Exclusions from the Definition of Beneficial Ownership

The definition of “Beneficial Ownership” contains several exclusions whereby a person is not considered to Beneficially Own a security. There are exemptions from the deemed Beneficial Ownership provisions for institutional shareholders acting in the ordinary course of business and the performance of their duties. These exemptions apply to (i) an investment manager (“Manager”) which holds securities in the performance of the Manager’s duties for the account of any other person (a “Client”); (ii) a licensed trust company (“Trust Company”) acting as trustee or administrator or in a similar capacity for the estates of deceased or incompetent persons (each an “Estate Account”) or in relation to other accounts (each an “Other Account”); (iii) a Crown agent or agency (a “Crown Agent”), (iv) a person established by statute (a “Statutory Body”), the ordinary business or activity of which includes the management of investment funds for employee benefit plans, pension plans and insurance plans (other than insurance plans administered by insurance companies) of various public bodies, and (v) the administrator (“Administrator”) of one or more pension funds or plans (a “Plan”) registered under applicable law. The foregoing exemptions apply only so long as the Manager, Trust Company, Crown Agent, Statutory Body, Administrator or Plan is not then making or has not then publicly announced an intention to make a take-over bid, other than pursuant to a distribution by the Company or by means of ordinary market transactions.

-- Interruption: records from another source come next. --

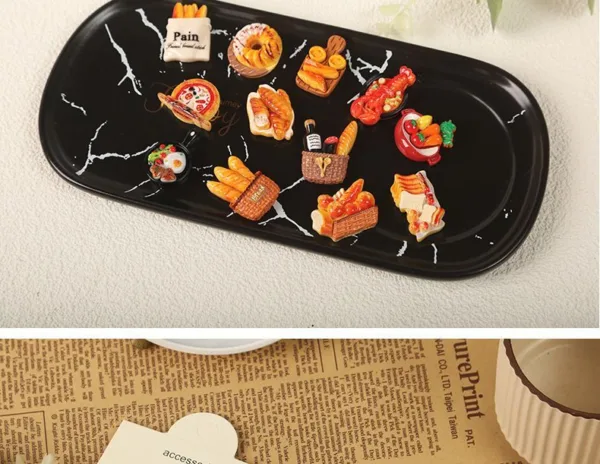 Miniature food charms on black marble tray featuring bread basket, pizza, croissants and Pain sign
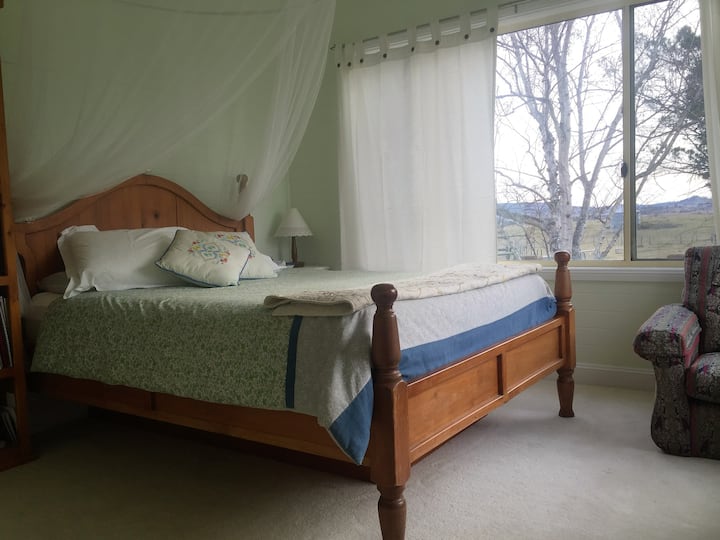 Queen bedroom with garden views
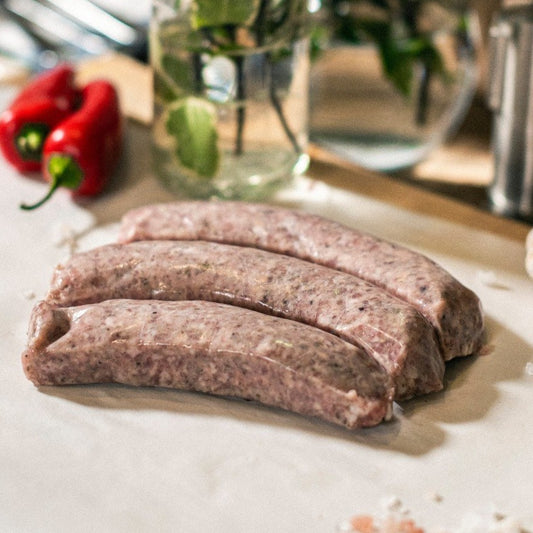 Three Goodwood organic Cumberland pork sausages on a chopping board at Goodwood Farm Shop.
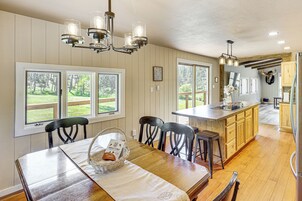 Una cocina amplia con armarios de madera, una isla central y ventanas grandes con vistas al exterior.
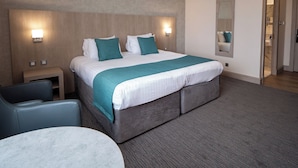 A hotel room with a large bed, a desk, a chair, and a round table.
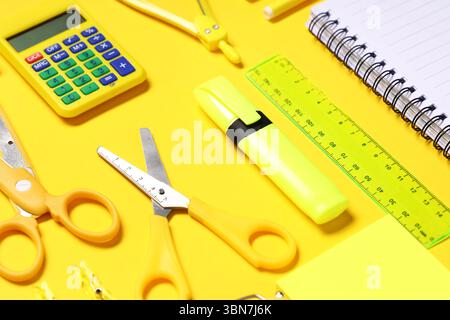 Composition with calculator and different school stationery on yellow background, closeup Stock Photo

Also, a person will not be deemed to “Beneficially Own” a security because such person (i) is a Client of the same Manager, an Estate Account or an Other Account of the same Trust Company, or a Plan with the same Administrator as another person or Plan on whose account the Manager, Trust Company or Administrator, as the case may be, holds such security; or (ii) is a Client of a Manager, Estate Account, Other Account or Plan, and the security is owned at law or in equity by the Manager, Trust Company, Administrator or Plan, as the case may be.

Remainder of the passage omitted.